ZVVZ USK Praha (Czech Republic)
At a glance: 83.6 points and 64.3 points allowed per game; 11.4 steals per game
If there’s a club in this remaining group that will go only as far as its upper-level talent takes it, it’s Praha. Led by Alyssa Thomas and Brionna Jones, Praha went on an impressive six-game winning streak during the regular season in which its average margin of victory was 35.5 points. Its statistical profile as a team has the fingerprints of the two Connecticut Sun stars written all over it: 43.1 rebounds (No. 2 in EuroLeague Women), 19.1 free throw attempts and 11.4 steals (both No. 1) per game.
Sustaining this level of play, of course, is a different story entirely. Praha was challenged by Beretta Famila Schio in the opening round of the playoffs, squeaking by the Italian Group B club in its first game and dropping its second before closing things out. Just like in Connecticut, if Thomas can’t assert herself in transition, the team’s halfcourt offense can be hampered, which will certainly be on the scouting report of Praha’s future opponents.
Keeping Praha out of transition is much easier said than done, however, given the team’s rebounding prowess. While it’s not as deep as its competition in the Final Four, Praha is perfectly capable of being willed to victory by one or two players, and its physical brand of basketball can be flat-out overwhelming for opponents.

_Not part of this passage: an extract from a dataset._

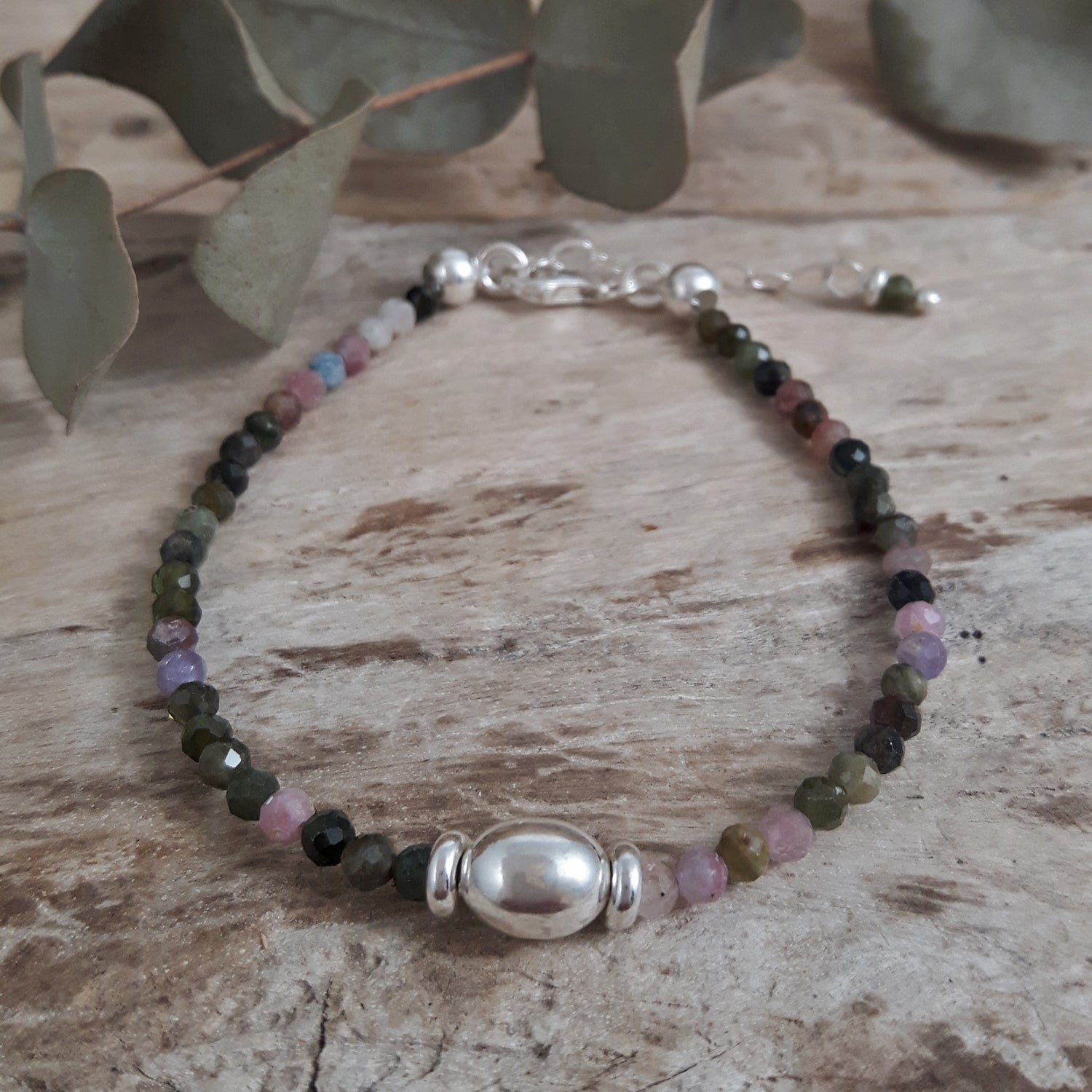 Tourmaline beaded birthstone bracelet with sterling silver detail on a wooden surface with eucalyptus leaves.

Fenerbahçe Safiport (Turkey)
At a glance: 79.1 points and 63.7 points allowed per game; 4.8 blocks per game
Perhaps the highest-profile club remaining in the competition, it should surprise no one that Fenerbahçe has made it this far. Its roster is, to say the least, star-studded; Alina Iagupova is a two-time EuroLeague Women MVP and one of the most skilled playmaking guards in the world, and Kayla McBride is one of its best shooters (19 points per game; 46.1 percent on 3-pointers). Elizabeth Williams earned Defensive Player of the Year honors after leading the competition in blocked shots (2.5 per game), while budding star Satou Sabally gives Fenerbahçe a level of individual talent few opponents are equipped to handle. The list goes on, with Amanda Zahui B., Kiah Stokes and Bria Hartley also among the club’s group of instantly-recognizable names.
Fenerbahçe got off to an unexpectedly shaky start to the EuroLeague Women regular season at 2-3, but has been on fire since then, reeling off nine straight victories and comfortably winning an otherwise highly competitive Group B. Among the Final Four teams, Fenerbahçe is likely the most balanced, with several playmakers and shooters on the perimeter and quality depth in the frontcourt. It’s likely the club most favored to win it all.